Les meilleures pistes de collecte (privatisations des entreprises publiques) ou de compression de dépenses (réduction des transferts sociaux et du train de vie de l’Etat) seront superbement ignorées de peur de susciter des mécontentements qui risquent de troubler la quiétude du pouvoir. Quand ce dernier prend des décisions de nature à remettre l’économie sur rails, ces dernières manquent généralement de transparence, sans compter qu’elles peuvent être, comme cela arrive trop souvent, être remises en cause après avoir fait perdre du temps et de l’argent à ceux qui avaient été obligés de les appliquer.
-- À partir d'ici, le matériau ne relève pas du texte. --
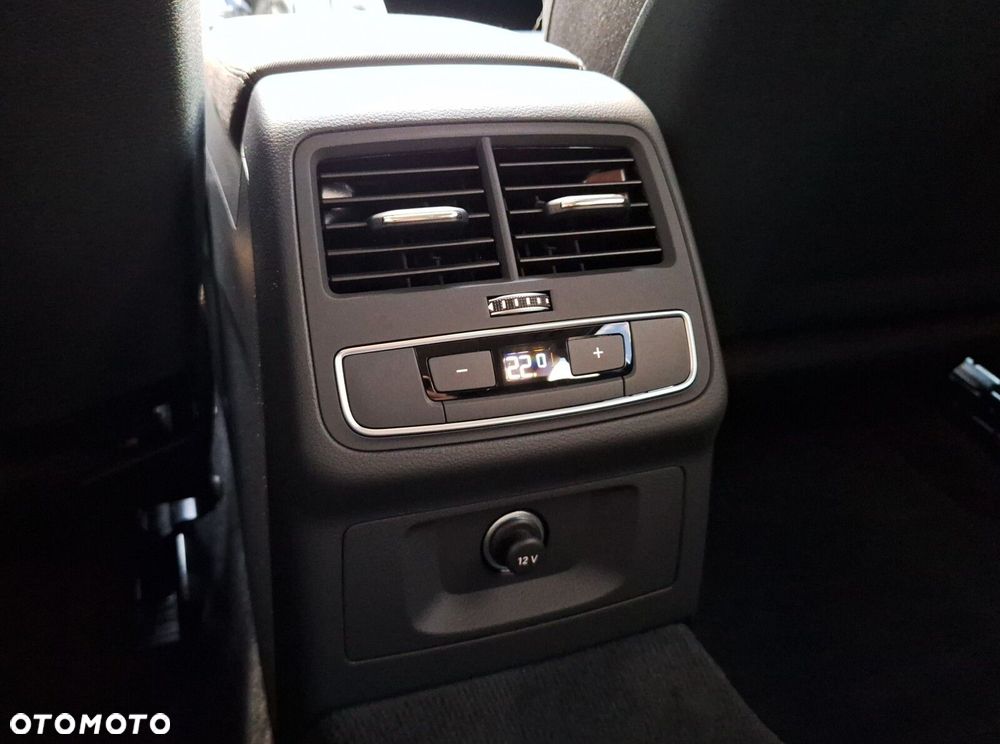 Audi A4 Allroad - 21
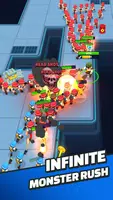 Bullet Action स्क्रीनशॉट 2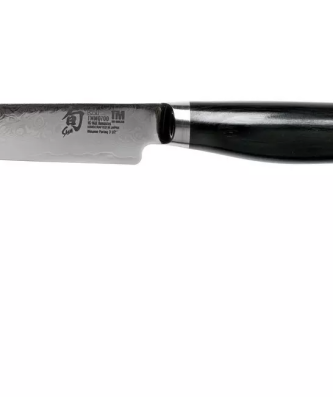 Kai Shun Tim Mälzer Minamo paring knife 9 cm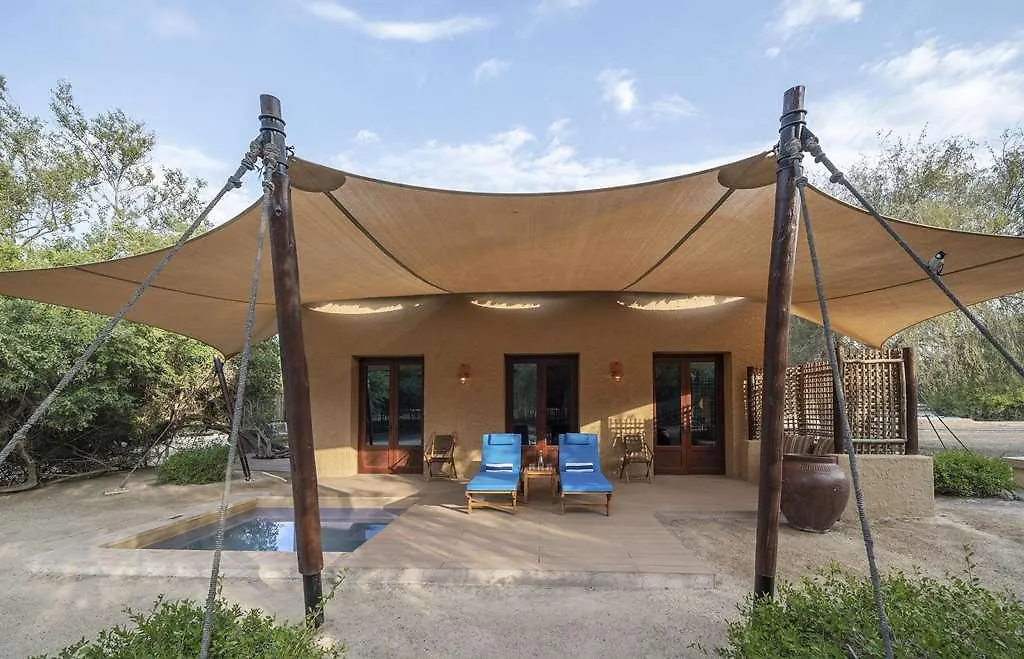 Anantara Al Sahel Hotel Abu Dhabi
Cette politique d’incertitude et d’instabilité juridique a toutes les chances de se perpétuer durant le cinquième si, comme il est fortement à craindre, rien de nouveau n’est apporté au mode de gouvernance de cette équipe reconduite pour un nouveau mandat.
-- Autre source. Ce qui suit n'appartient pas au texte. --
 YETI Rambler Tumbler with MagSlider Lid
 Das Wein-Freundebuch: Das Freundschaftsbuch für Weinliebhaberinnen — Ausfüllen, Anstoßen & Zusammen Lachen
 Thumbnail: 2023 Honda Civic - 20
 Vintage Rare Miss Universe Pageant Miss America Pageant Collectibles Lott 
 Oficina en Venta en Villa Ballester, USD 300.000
A l’évidence, ce mortel statu quo qui a déjà fait perdre un temps précieux à notre économie, persistera cinq années encore à la faveur de ce mandat de trop, à moins d’un retournement spectaculaire de conjoncture qui obligerait le pouvoir en place à gérer autrement les affaires publiques. S’il venait, comme on le redoute, à perdurer, ce mortel statu quo nuira gravement à notre société, en général, et à notre économie, en particulier. Une économie qui ne cessera de reculer comparativement à celles des autres Etats qui n’ont pas commis le crime de prendre en otage les entreprises et les hommes d’affaires. Ces calculs politiciens malsains qui ne manqueront pas de resurgir tout au long du prochain quinquennat, réduiront encore davantage la visibilité économique du pays, au point de susciter la méfiance des hommes d’affaires algériens et étrangers. Les investissements ne manqueront pas d’être bridés par cette ambiance d’incertitude qui s’exacerbe déjà à l’approche du prochain scrutin présidentiel d’avril 2019 et qui le sera sans doute encore plus, durant l’exercice du prochain quinquennat, officiellement inscrit sous le signe de la « stabilité et de la continuité ».
Le statu quo dont souffrent les opérateurs économiques est d’autant plus lourd à porter qu’il prend sa source dans un système de gouvernance ultra présidentiel. Les grandes décisions relevant exclusivement de l’autorité du président Bouteflika, rien de sérieux ne pourra se faire sans lui. Son état de santé qui se compliquera sans doute davantage sous l’effet de l’âge, il sera à l’évidence, difficile d’avancer à grands pas dans les réformes, quand même, un premier ministre compétent viendrait au secours de ce président qui ne dispose pas de la santé physique requise.